Lee is one of the hardest working, most unassuming stars in the league with robust per-game averages of 19.7 points, 10.9 rebounds, and 3.7 assists. He is the fifth-ranked player in overall efficiency at 24.5 and is shooting 53 percent from the floor and 80 percent from the free-throw line. Credit for the Golden State Warriors’ resurgence doesn’t fall solely on the shoulders of Lee but it seems like coach Mark Jackson and point guard Stephen Curry are getting the lion’s share of the accolades while Lee just does his thing. The thing is, Lee has been good for a while and has been producing double-doubles like a Bay Area factory. Currently he has 24 of them and leads the NBA in 20-10 games with 16.
While the points and rebounds are Lee’s calling card he is also an unselfish and willing passer. Now we can add capable to the list of adjectives that describe his passing ability. The Warriors have the luxury of establishing him in the post or letting him operate from the elbows and baseline areas to feed teammates on dribble hand offs, running back door, or on ball reversal passes for three point shots. As a result Lee’s 3.7 assists per game are taking the Warriors’ offense to new levels and is a career best in terms of per-game average.

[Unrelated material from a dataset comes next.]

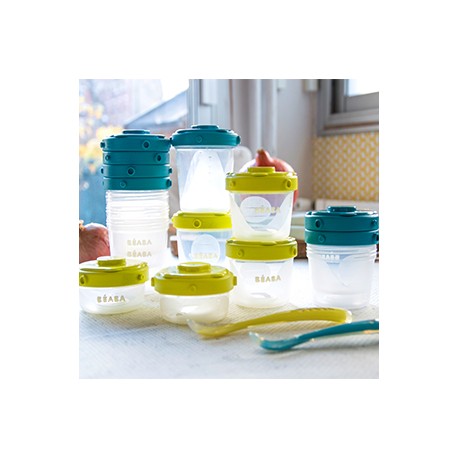 Lote 1era comida clip (lote :  porciones CLIP + cuchara 1era edad silicona )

His somewhat newly developed passing prowess comes from the increased touches he receives as a result of Monta Ellis being traded to Milwaukee last Spring. When Ellis was there Lee was the third option after Ellis and Curry. After Ellis was moved and the Warriors lost Curry to an ankle injury it was Lee who dominated the offense and proved that he was capable of such a load. With his alpha male offensive role this season it would stand to reason that his points would rise. Instead, they’re actually slightly down; however, the fact that he has turned his increased touches as an opportunity to feed teammates on scoring opportunities is remarkable and shows a sign of how his varied game has helped Golden State to a surprising start that’s held almost midway through the season.
The West has a talented group of frontcourt players that could make things difficult for Lee to make the All-star team especially if coaches feel one Warrior is enough to represent GSW and opt for Curry. If selected it would be Lee’s second All-Star appearance and first as a member of the Warriors. Lee was a replacement selection in 2010 as a member of the New York Knicks standing in for an injured Allen Iverson. He’s been vocal about being more deserving than others in the West before. Now he’s playing like he deserves another All-Star nod. Lee’s development as a player and team leader has helped to propel the Warriors to playoff contention this season and shouldn’t be overlooked with regards to All-Star consideration. He isn’t just a nice addition to the West’s All-Star roster, he is a necessary one.
What do you think about his chances?